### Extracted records
----
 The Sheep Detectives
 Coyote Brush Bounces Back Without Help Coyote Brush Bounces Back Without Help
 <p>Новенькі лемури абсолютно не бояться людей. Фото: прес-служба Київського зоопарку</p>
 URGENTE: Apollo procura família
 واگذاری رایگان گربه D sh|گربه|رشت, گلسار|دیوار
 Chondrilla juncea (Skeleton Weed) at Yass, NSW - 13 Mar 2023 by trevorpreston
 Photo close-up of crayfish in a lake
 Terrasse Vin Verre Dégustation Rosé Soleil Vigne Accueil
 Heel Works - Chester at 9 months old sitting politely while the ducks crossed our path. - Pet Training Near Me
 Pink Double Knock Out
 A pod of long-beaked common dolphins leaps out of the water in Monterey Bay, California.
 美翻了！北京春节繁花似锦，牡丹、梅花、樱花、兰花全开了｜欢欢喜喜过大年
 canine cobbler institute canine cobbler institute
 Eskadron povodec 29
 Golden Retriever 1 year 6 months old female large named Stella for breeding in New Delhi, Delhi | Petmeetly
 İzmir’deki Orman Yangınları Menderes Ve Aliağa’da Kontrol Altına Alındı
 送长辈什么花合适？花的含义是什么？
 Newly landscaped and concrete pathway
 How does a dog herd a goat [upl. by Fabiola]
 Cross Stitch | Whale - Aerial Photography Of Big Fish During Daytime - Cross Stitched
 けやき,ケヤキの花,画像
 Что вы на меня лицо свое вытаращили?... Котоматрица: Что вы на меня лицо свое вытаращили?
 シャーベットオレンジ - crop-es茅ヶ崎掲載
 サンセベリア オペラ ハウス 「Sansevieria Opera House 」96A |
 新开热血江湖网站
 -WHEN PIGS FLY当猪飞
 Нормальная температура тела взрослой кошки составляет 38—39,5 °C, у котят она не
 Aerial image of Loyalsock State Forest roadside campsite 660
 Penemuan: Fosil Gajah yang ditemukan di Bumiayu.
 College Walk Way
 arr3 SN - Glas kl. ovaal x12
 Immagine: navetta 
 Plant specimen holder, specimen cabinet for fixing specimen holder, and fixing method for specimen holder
----
### EXERCISE BRIEF
Tally the lines in these entries that have the string "months" in them, then answer with the count and nothing else.

### REPLY
2